Singapore’s recovery on track, GDP may hit 6 percent, says IMF

In its report on July 16, the International Monetary Fund said Singapore's recovery is expected to be led by manufacturing and modern services, bringing projected annual growth to 6 percent in 2021.

21, Jul. 2021

The International Monetary Fund's board of executive directors discuss findings on economic developments and policies of a country and then make recommendations in a report. (Photo: IMF)
The International Monetary Fund's board of executive directors discuss findings on economic developments and policies of a country and then make recommendations in a report. (Photo: IMF)

SINGAPORE, NNA - Following a record contraction in 2020, the Singapore economy is poised to recover this year as the country has tackled the COVID-19 pandemic head-on with a huge policy space and robust economic policy frameworks, said the International Monetary Fund (IMF).

Activity is expected to accelerate in the second half of this year as vaccines become more widely available, and may bring annual growth to 6 percent in 2021, according to IMF executive directors in their latest report.

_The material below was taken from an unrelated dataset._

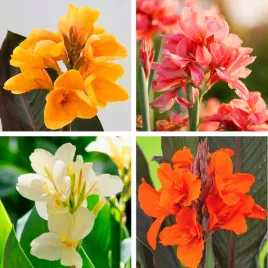 canna-kanna-paciorecznik-zestaw-mix-kolorow-sadzonki-klacza-4-szt-gratis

They noted that the authorities had mounted a coordinated, comprehensive, and sizable policy response, with fiscal policy acting as a first line of defense.

As a result, worse outcomes were prevented and real GDP, which contracted by 5.4 percent in 2020, registered 1.3 percent year-on-year growth in the first quarter of 2021, led by a strong manufacturing sector performance, said IMF in a press release on its latest country report on Singapore on July 16.

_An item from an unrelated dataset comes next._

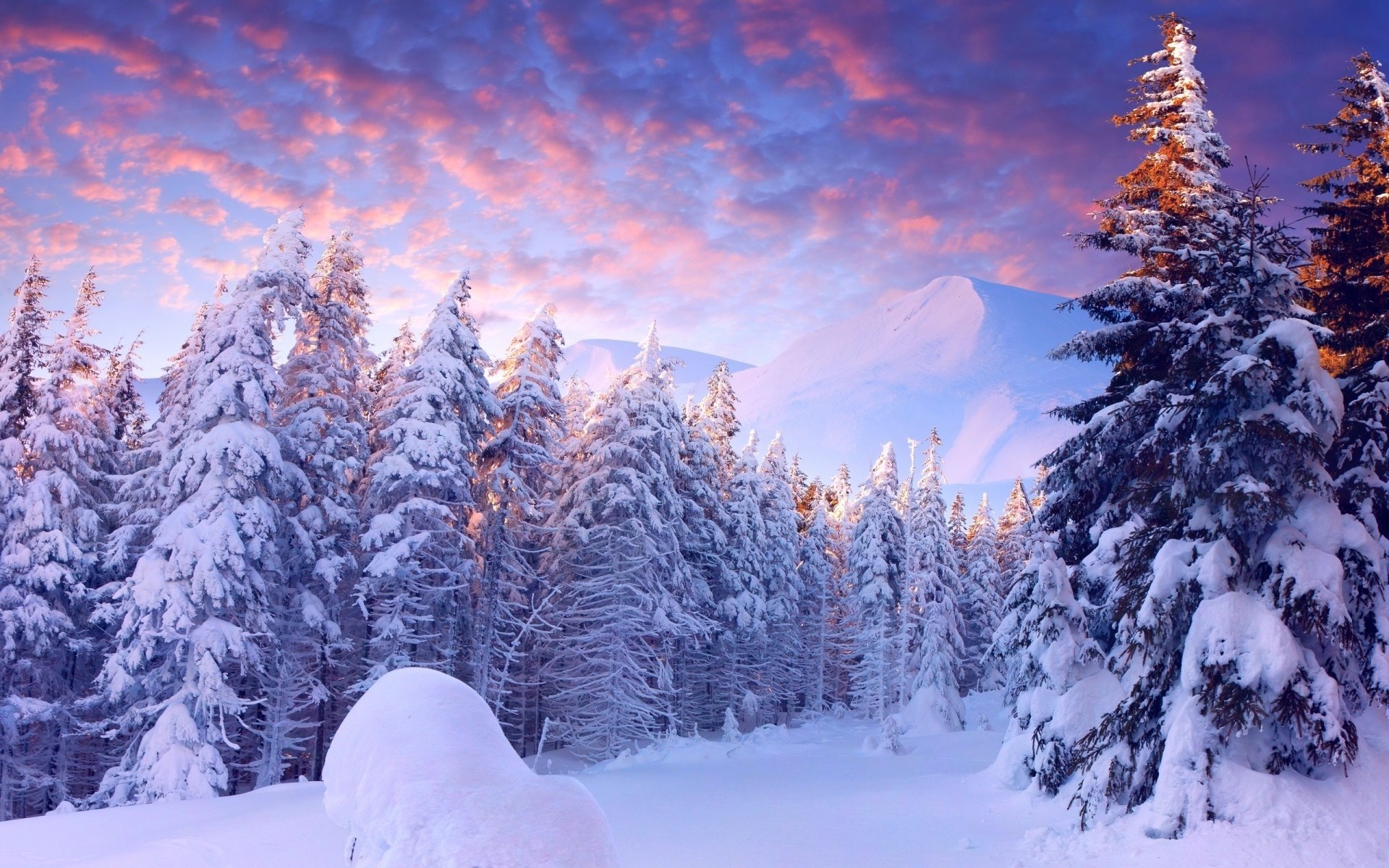 Hình ảnh tuyết rơi mùa đông đẹp nhất thế giới năm 2015 7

Labor market conditions in the city-state have been supported by the broad-ranging policy initiatives, with unemployment declining to 2.9 percent in April 2021 from its peak of 3.5 percent in September 2020.

Policy support also helped banks maintain strong liquidity and capital buffers. The current account surplus has remained resilient throughout the crisis and registered 17.6 percent of GDP in 2020, said IMF.

Singapore's recovery is expected to be led by manufacturing and modern services since hard-hit sectors such as aviation and tourism-related industries would see a turnaround more gradually.

Analysts have also expressed more optimism for Singapore rebounding to the pink of health this year.

Fitch Solutions revised their 2021 growth forecast to 6.1 percent, up from 5.8 percent previously, to reflect Singapore’s prospects for a more resilient recovery in the second half as vaccinations gather pace.

Singapore's inflation, which had turned negative in 2020, registered 2.1 percent year-on-year in April. Inflation is expected to be contained given the remaining slack in the labor market, said IMF.

With the recovery in domestic demand, the current account surplus is expected to decline to 15.5 percent of GDP in 2021, it said.

Over the medium term, growth should converge to 2.5 percent with the current account surplus declining and the Monetary Authority of Singapore core inflation stabilizing at 2 percent.

However, IMF warned that the outlook is subject to unusually high uncertainty, with "balanced risks stemming mostly in the near term from the unknown trajectory of the pandemic globally and locally, as well as the path for vaccines."

Additional risks include volatile global financial conditions, threats to globalization and trade, and the uncertain impact of the pandemic on the corporate sector.

Given pockets of risks remaining in the financial sector, IMF directors recommended continued supervisory vigilance, such as close monitoring of non-performing loans in real estate markets and banks’ foreign currency risk.

They also encouraged the authorities to continue to strengthen US dollar liquidity among domestic systemically important banks (D-SIBs).

Welcoming ongoing initiatives to facilitate economic transition post‑pandemic, the directors said the authorities’ focus on labor reskilling and training would help facilitate resource reallocation in high-growth sectors.

IMF directors agreed that macroeconomic policies should remain supportive in the near term while efforts should continue to facilitate a transition toward a greener, smarter, and more inclusive economy over time.

"Singapore's plans to accelerate digitalization, innovation, and climate-resilient infrastructure investment should help sustain medium-term economic growth," IMF concluded.